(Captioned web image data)
== Segment start ==

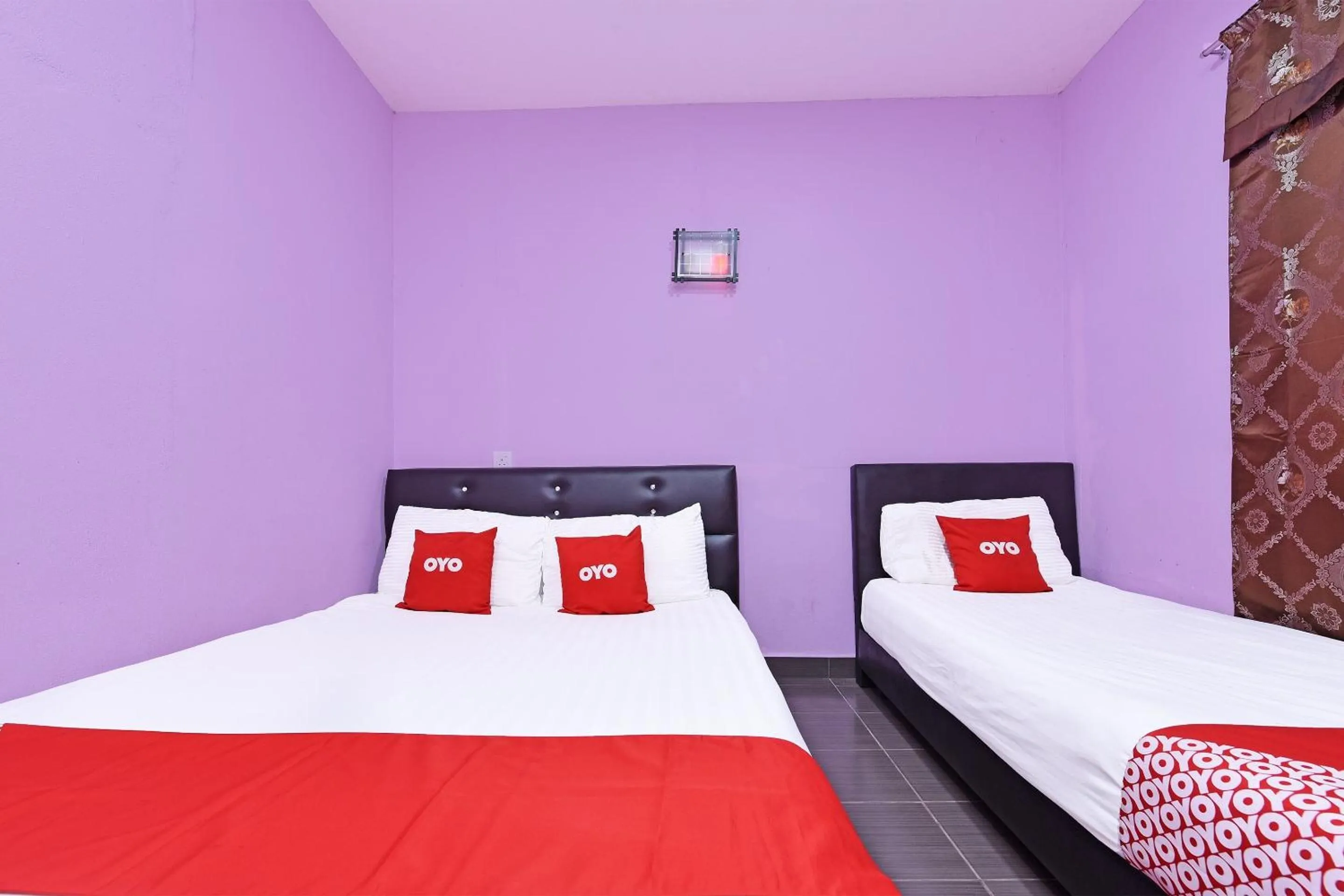 Bedroom, Bed in Hotel O Awan Biru Motel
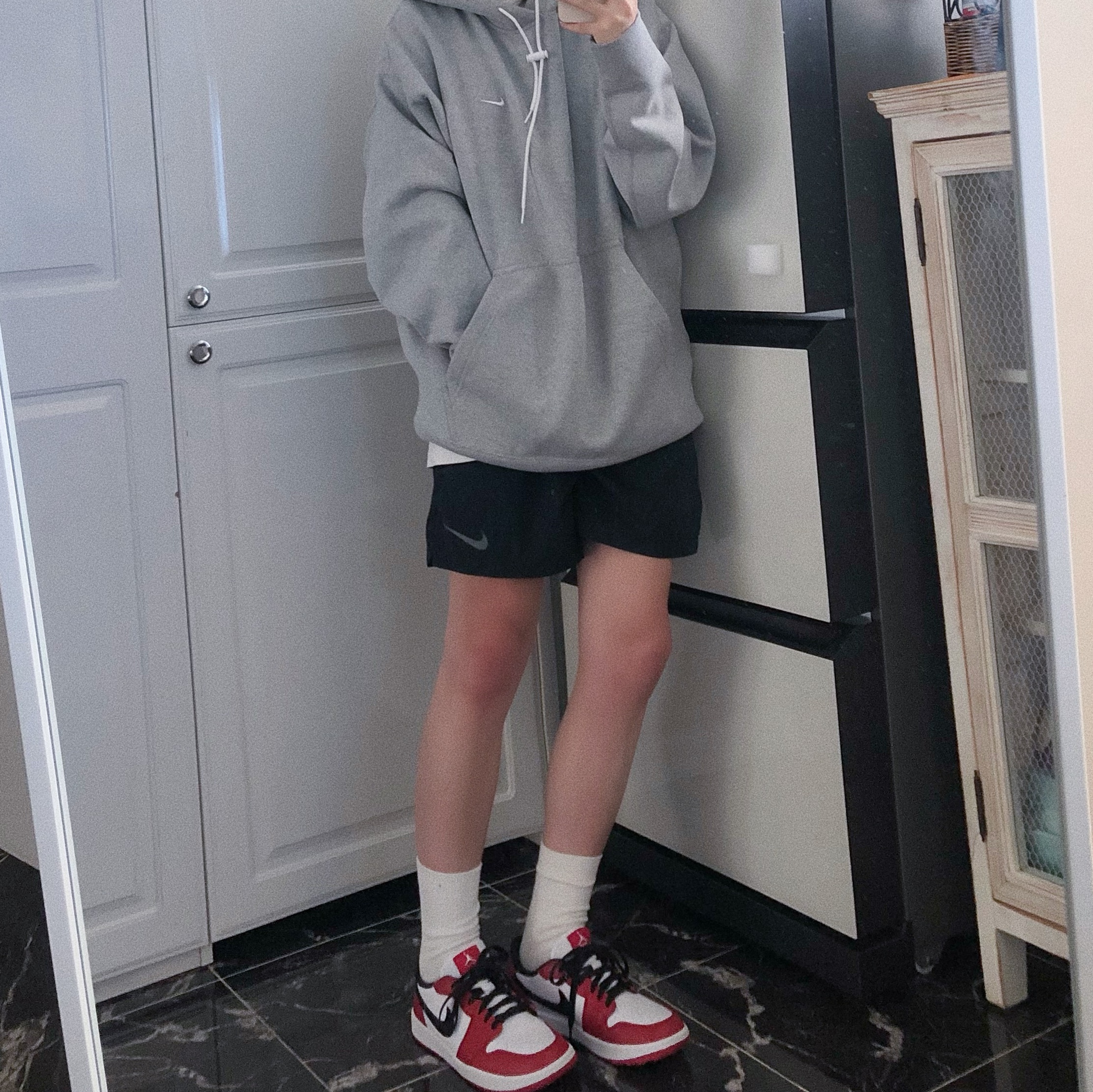 Jordan 1 Low Golf Chicago, Nike M NRG Hoodie Grey Heather 착용 스타일 - 2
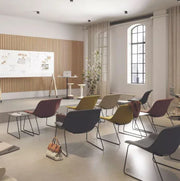 Moderne vergaderruimte met design stoelen, presentatiewand en daglicht, kantoormeubilair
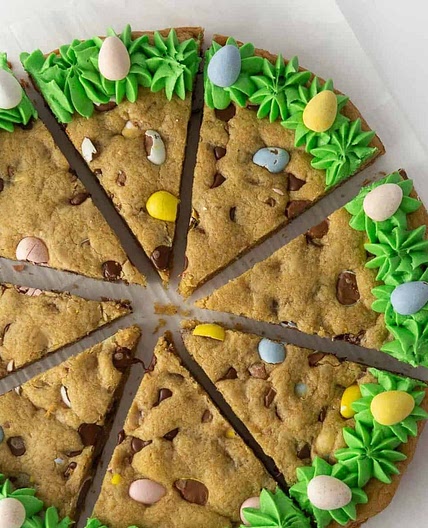 Easy Easter Cookie Cake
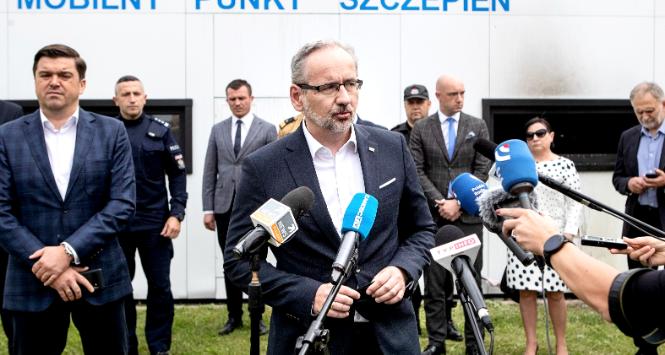Minister Adam Niedzielski koło podpalonego punktu szczepień w Zamościu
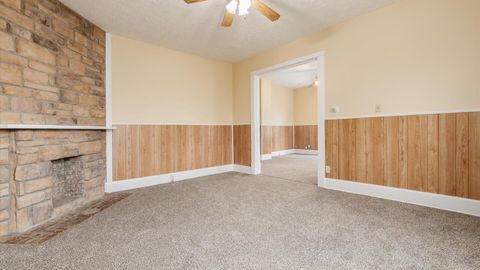 Tiny photo for 76 Oakwood Avenue, Newark, OH 43055 (MLS # 225037362)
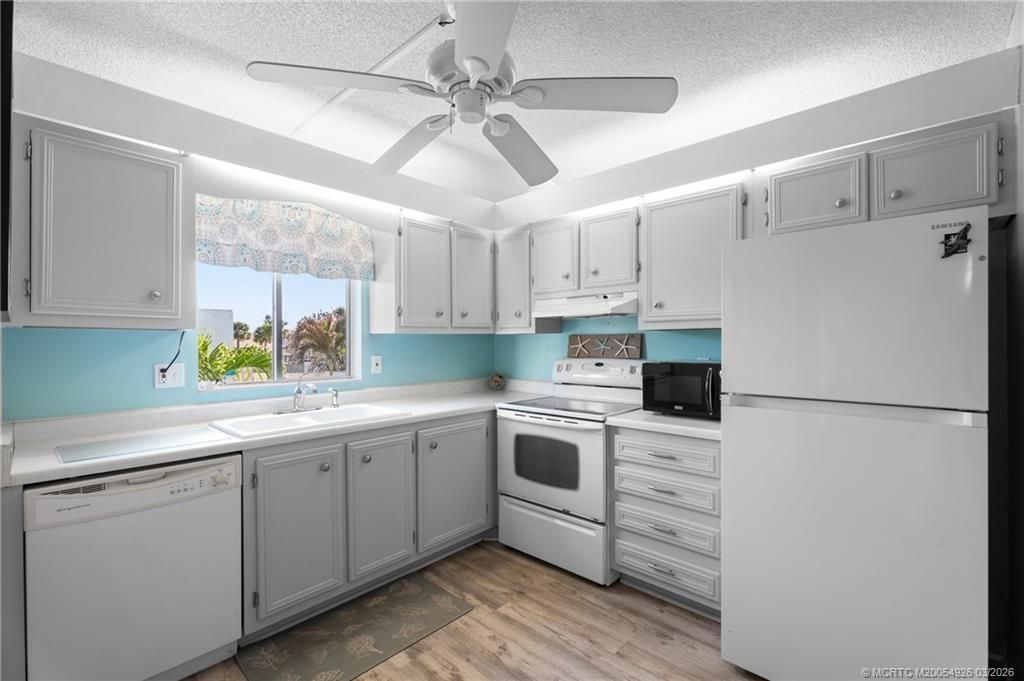 1560 NE 12th Terrace, Unit D9, Jensen Beach, FL 34957 Photo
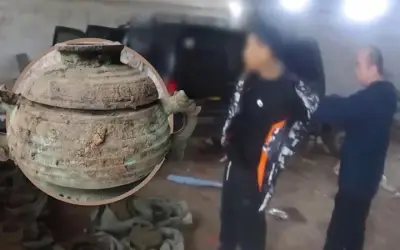 Nghiện truyện trộm mộ, đọc sách rồi đi đào trộm cổ vật thời Xuân Thu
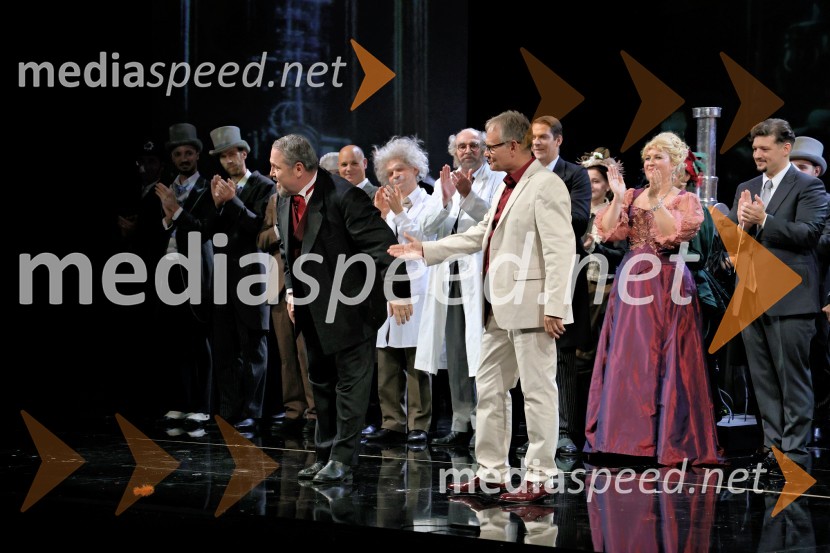  Jaki Jurgec, operni solist;  Robert Mraček, skladatelj in libretist predstaveMož, ki je ukrotil strelo: Genialni izumi Nikole Tesle, premiera v Operi in Baletu SNG Maribor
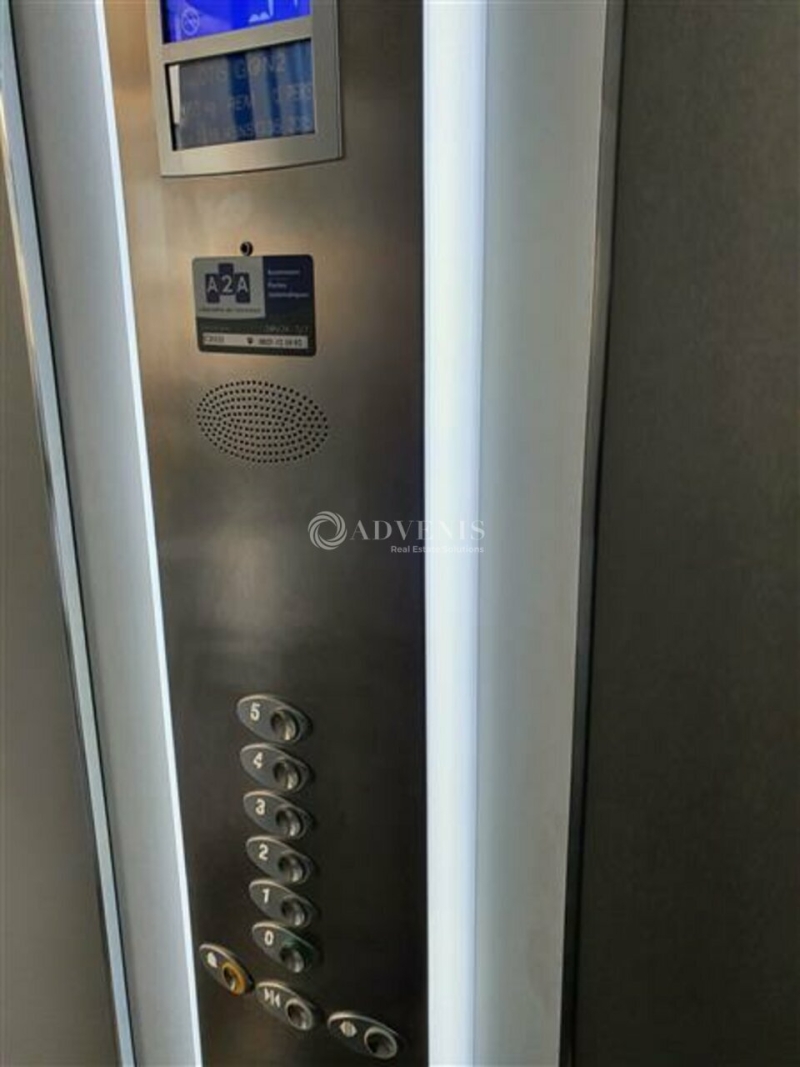 Location Bureaux NANCY (54000) - Photo 7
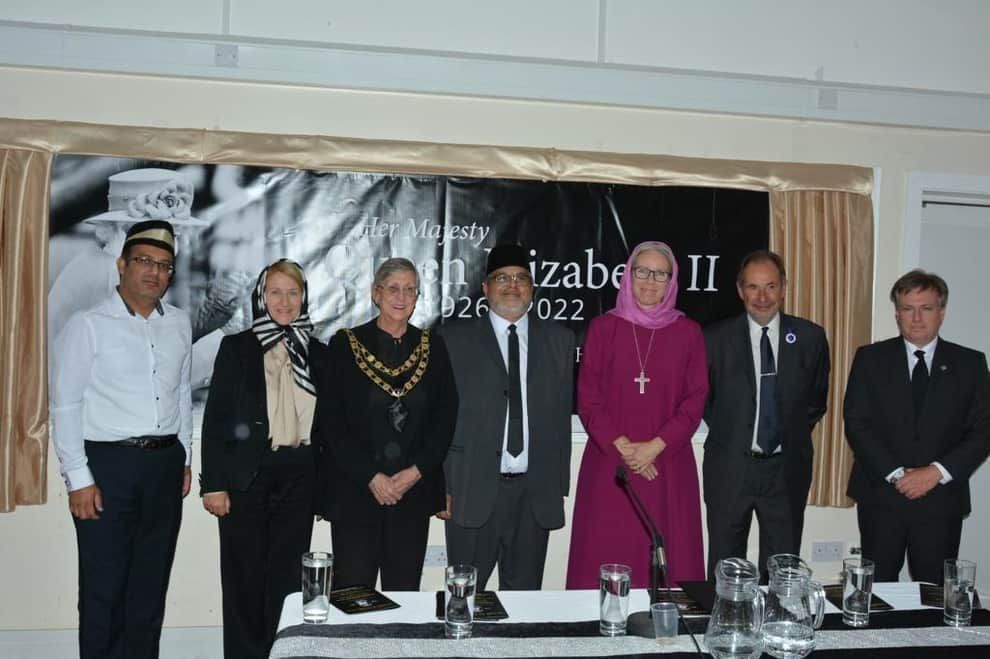 Queen Elizabeth II: Memorial held at mosque in Crawley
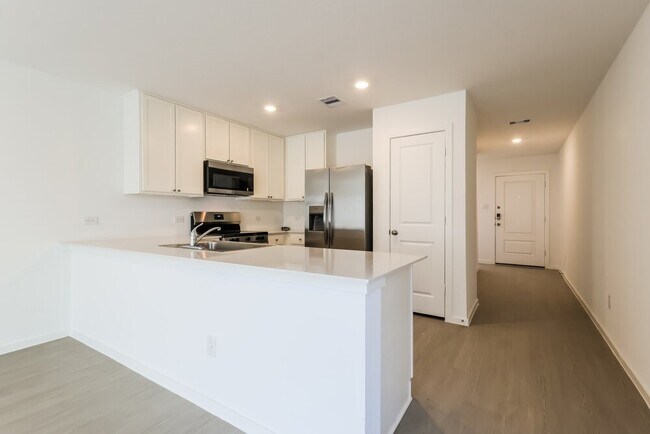 Building Photo - 609 Craven St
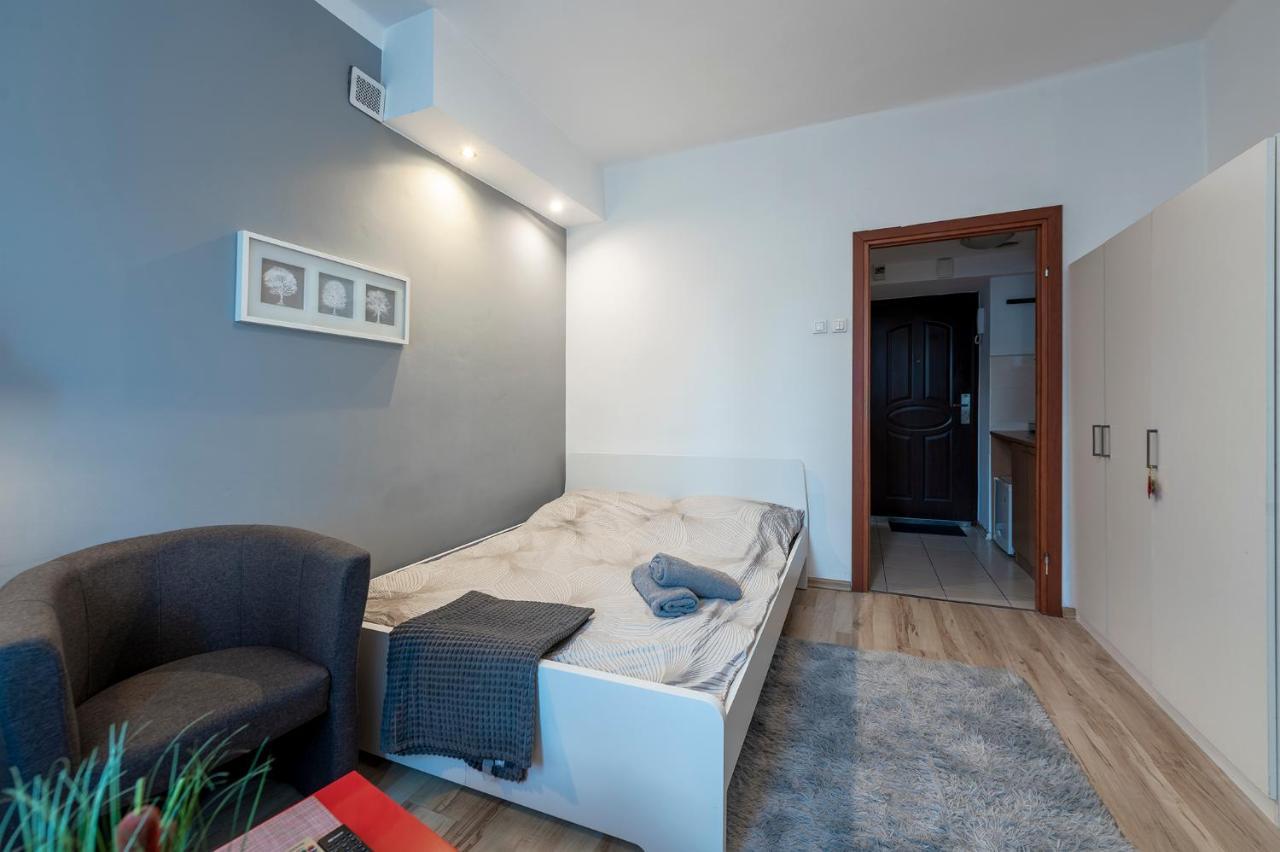 Cosy In District-free Parking With Gate! Apartament Łódź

== Segment end ==

◆ **Task prompt**
Every line from the top of the records above to the line with "Tiny photo for", inclusive, should be duplicated exactly, minus the pictures.

◆ **Final answer**
 Bedroom, Bed in Hotel O Awan Biru Motel
 Jordan 1 Low Golf Chicago, Nike M NRG Hoodie Grey Heather 착용 스타일 - 2
 Moderne vergaderruimte met design stoelen, presentatiewand en daglicht, kantoormeubilair
 Easy Easter Cookie Cake
Minister Adam Niedzielski koło podpalonego punktu szczepień w Zamościu
 Tiny photo for 76 Oakwood Avenue, Newark, OH 43055 (MLS # 225037362)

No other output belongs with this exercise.